Classifications – By Skill
From the USRowing Rules of Rowing:
4-105: Classification by Skill
(a) A competitor’s classification by skill shall be determined separately with respect to sweep events and sculling events. Except for the provisions of subsection (b)(2) below (Elite status affecting scull or sweep status), a competitor’s classification in one category shall not affect his or her classification in the other. A competitor’s classification by skill shall not be determined separately with respect to open events and lightweight events, and thus a competitor’s status as Elite, Senior or Intermediate is applicable regardless of weight class.
(b) Competitors shall be classified according to skill by the following criteria:
(1) Intermediate: A competitor is an Intermediate who has not advanced to the status of Senior or Elite.
(2) Senior: A competitor is a Senior who has won any intermediate or senior event over 2000 meters at the USRowing National Club Championships or at the Royal Canadian Henley Regatta, and who has not advanced to the status of Elite. A competitor who is an Elite as a sweep rower shall also be advanced to Senior for all sculling events, and a competitor who is an Elite as a scull rower shall be advanced to Senior for all sweep events.

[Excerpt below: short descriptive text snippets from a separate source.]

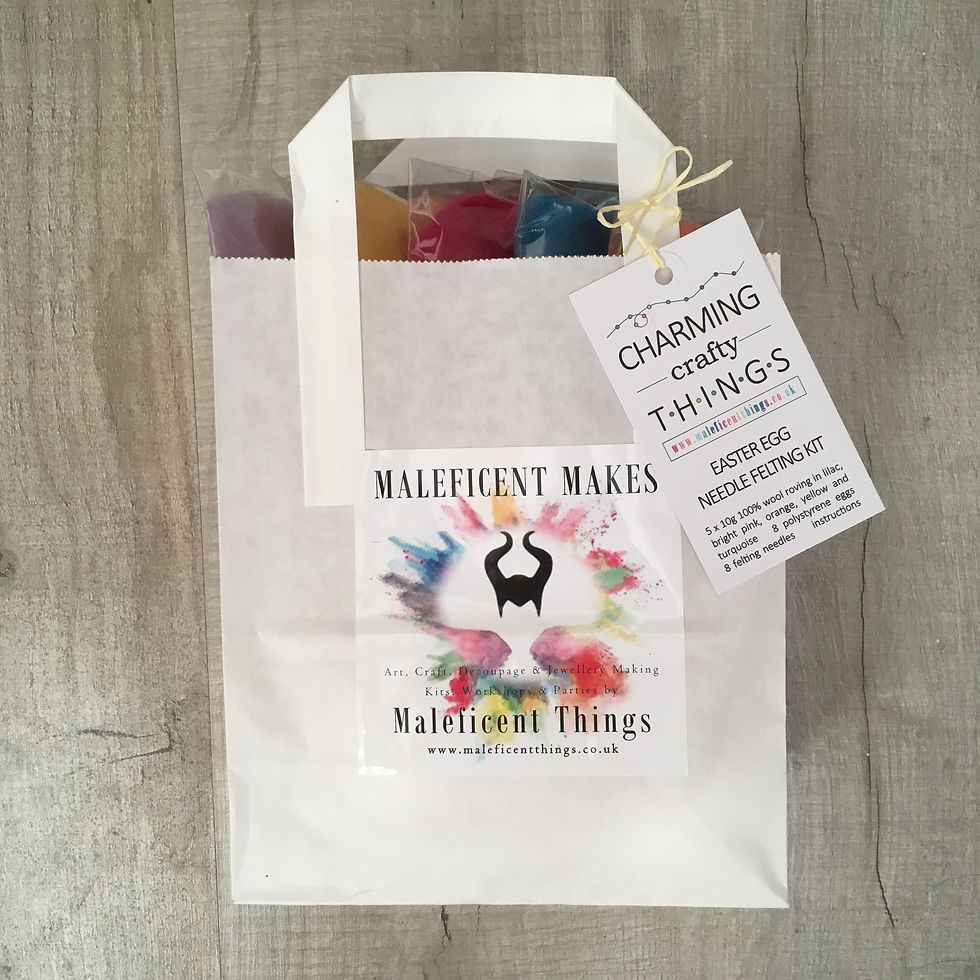 Thumbnail: Easter Eggs | Needle Felting Kit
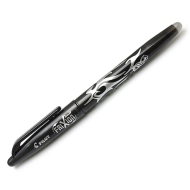 Pilot frixion 0.7mm στυλό με γόμα μαύρο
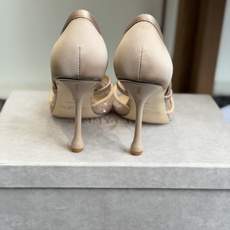 代购级Jimmy Choo 26ss 春夏 系列JC新款 高跟拖鞋 凉鞋模糊鞋履与珠宝配饰之间的界线 鲜 代购级Jimmy Choo 26ss 春夏 系列JC新款 高跟拖鞋 凉鞋模糊鞋履与珠宝配饰之间的界线 鲜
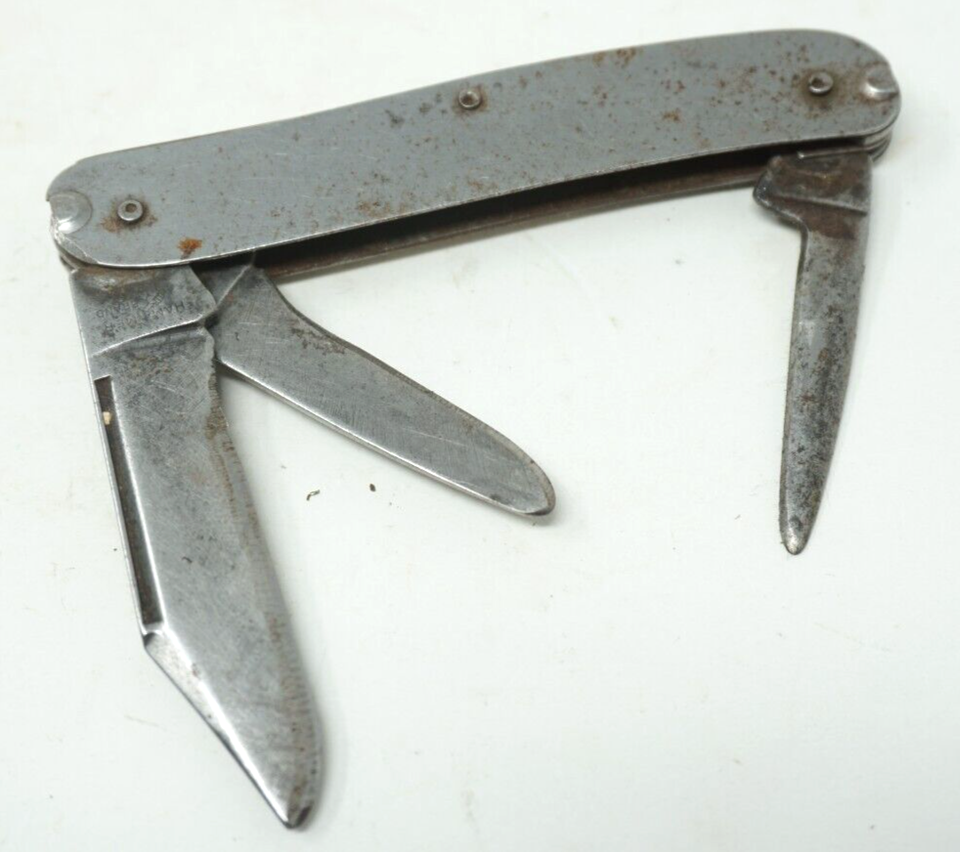VINTAGE POCKET KNIFE HAMMER BRAND 3 Blade eBay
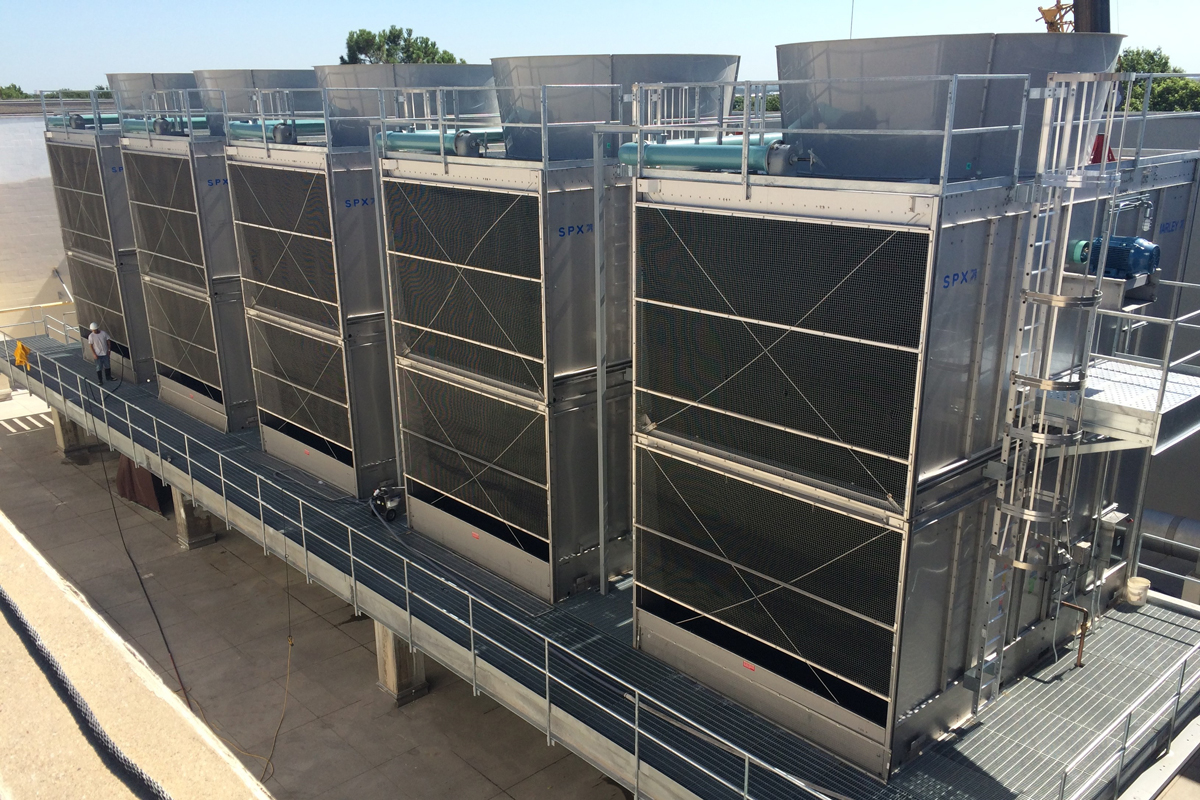 American Airlines Cooling Towers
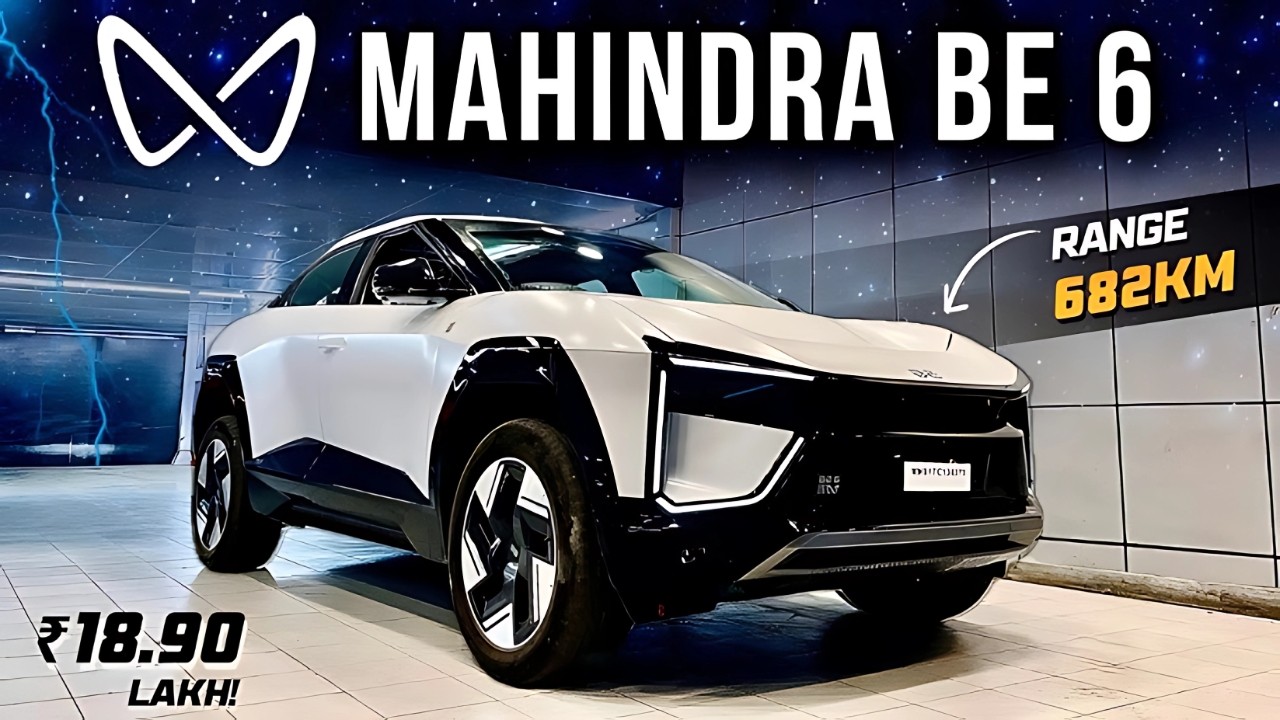 Mahindra BE 6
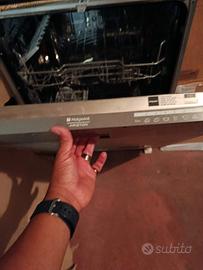 lavastoviglie mai usata 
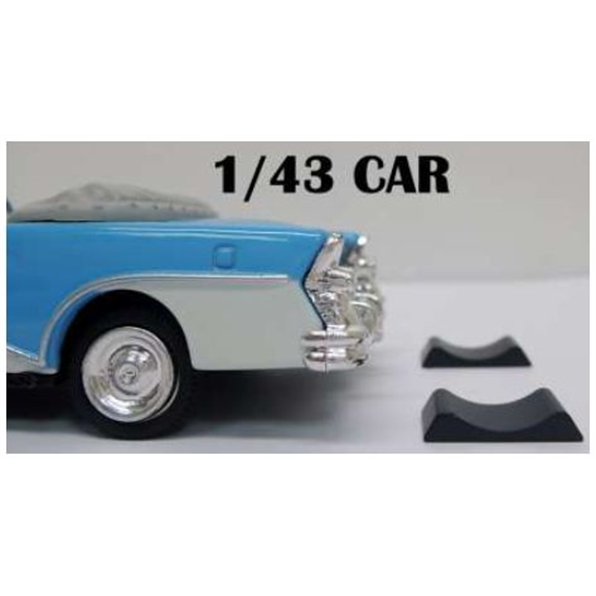 Car Stoppers for 1/43 Cars in Cases Stops cars moving 10pce per pack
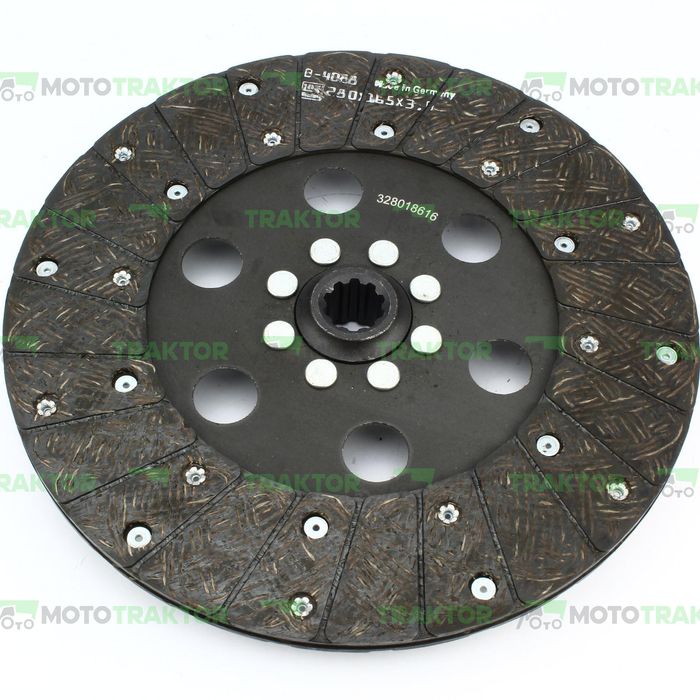 Tarcza Sprzęgła Pto WOM Case Jx 60,70,80,90,95 New Holland Td Fiat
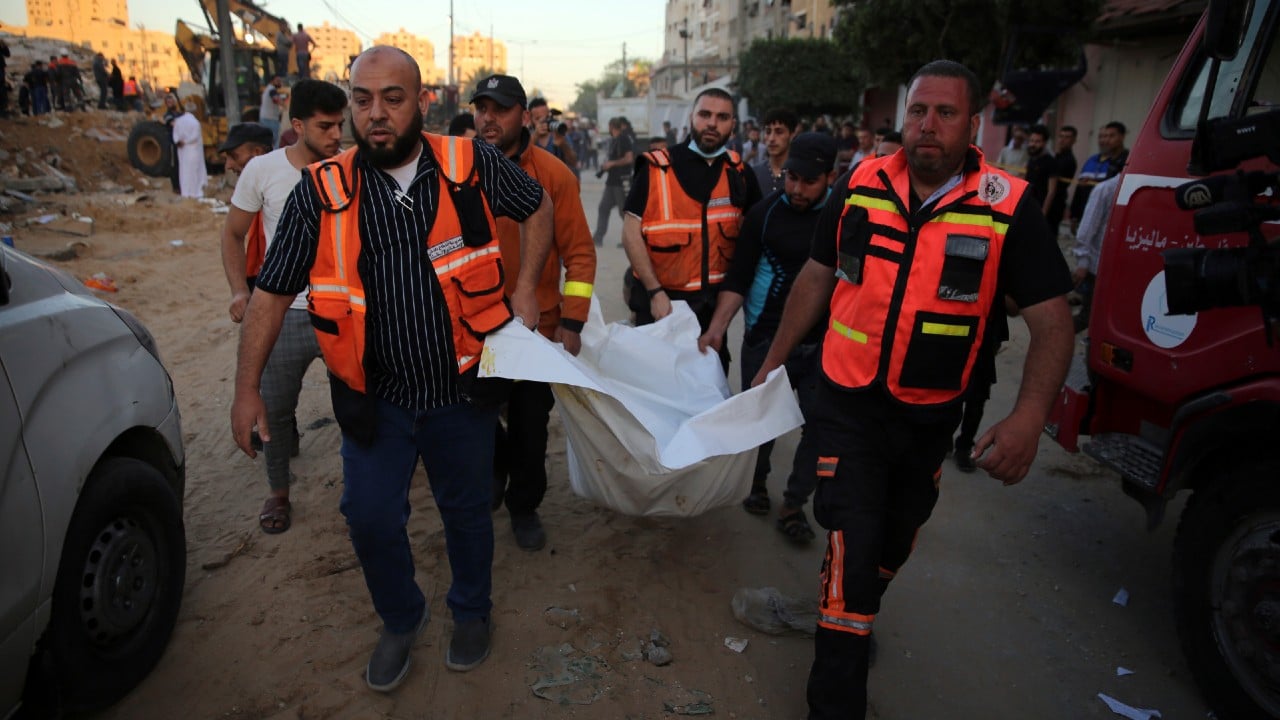 Sube a 119 la cifra de muertos en Gaza, 31 menores, tras masiva ofensiva israelí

(3) Elite: A competitor is an Elite who has won one 2,000-meter event classified as Elite at the USRowing National Championship Regatta, an Open 2,000-meter event at the Royal Canadian Henley Regatta, or any 2,000-meter event other than a Junior or Masters event at a USRowing Open or Lightweight National Team Trials’ regatta. A competitor also becomes an Elite if he or she has won any two 2,000-meter events classified as Senior at the USRowing National Club Championships or equivalent level at the Royal Canadian Henley Regatta; or who has been a member of a USRowing National Team as a competitor (including as a spare) in the category at issue, other than in a Junior or Masters event.
(c) All trials events to select the National Team, except those for Junior or Masters events, shall be classified as Elite events.
(d) Junior or Masters races do not effect a competitor’s classification by skill under this Rule.
(e) All changes in classification by skill shall take effect on January 1 following the year of competition.
(f) Any other provision of these Rules notwithstanding, a competitor who is not an amateur shall be deemed an Elite for all events, whether sweep or sculling, open or lightweight.
Classifications – Lightweights
From the USRowing Rules of Rowing:
A lightweight crew is one that complies with the requirements below. An open event is one that is not a lightweight event.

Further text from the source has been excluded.